Мамина кровать стояла напротив, в другом конце комнаты. А я спала рядом с бабушкой за ширмой. Ширма ‒ прекрасное изобретение, по-видимому, исконная принадлежность будуара, ‒ была важной частью нашего интерьера. Я любила нашу ширму, обшитую то голубой тканью, то жёлтой с цветочками (бабушка меняла эти занавесочки). Иногда я устраивала с её помощью кукольный театр, показывая спектакли с клоунами, петрушкой и разными зверушками. Вечером меня, как говорила мама, «загоняли» в постель, и я долго лежала за ширмой под взрослые разговоры и шуршанье шагов. Я подолгу не могла заснуть, и мама сердилась: «Тебе обязательно нужно всё, что говорят взрослые, слушать!» Я пыталась убедить её: «Мне просто не спится». Но она то ли не верила, то ли притворялась сердитой. Я лежала и слышала: «Диалектика добра и зла… Датировка первой редакции… Беловая рукопись». Иногда к родителям приходили гости. Они садились за круглый стол, и опять слышалось: «Диалектика души.., публикация.., корректура.., редколлегия.., новые авторы…». Я привыкла к этим словам, и потом мне казалось, что стоящие за ними проблемы и должны быть в центре внимания, а тот, кто говорит про ситчик на платье или про мясо на котлеты, – скучный человек, и я до сих пор сникаю, когда речь идёт о подобных мелочах, а также о домах, машинах, банковских счетах, ремонтах и т. п.

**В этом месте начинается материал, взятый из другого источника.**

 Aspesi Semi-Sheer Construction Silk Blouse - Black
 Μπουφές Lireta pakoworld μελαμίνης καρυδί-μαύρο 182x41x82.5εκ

Перемещаемся из-за ширмы в центр комнаты и видим большой круглый обеденный стол. Он был замечательный – так называемый стол-сороконожка, с красивыми полированными витыми ножками в большом количестве. Бабушка говорила, что за такой стол можно усадить множество народа. В середине стола была незаметная под скатертью щель, так как изначально стол раздвигался и с помощью дополнительной доски становился большим и овальным. Но доску сожгли в блокаду, а вот стол и стулья остались, потому что разломать и сжечь их не было никакой возможности – такие они были крепкие. Об этом я вспоминала с гордостью: наш стол-ветеран, много переживший и не сдавшийся в тяжёлую минуту… Да, много бы я отдала, чтобы сесть сегодня за этот стол! Над столом висел оранжевый абажур – такие были во многих квартирах в Питере, с улицы они виднелись почти в каждом окне. Как-то бабушка принесла его домой (по-видимому, производили эти изделия какие-нибудь частницы), и он у нас прижился и давал уютный свет.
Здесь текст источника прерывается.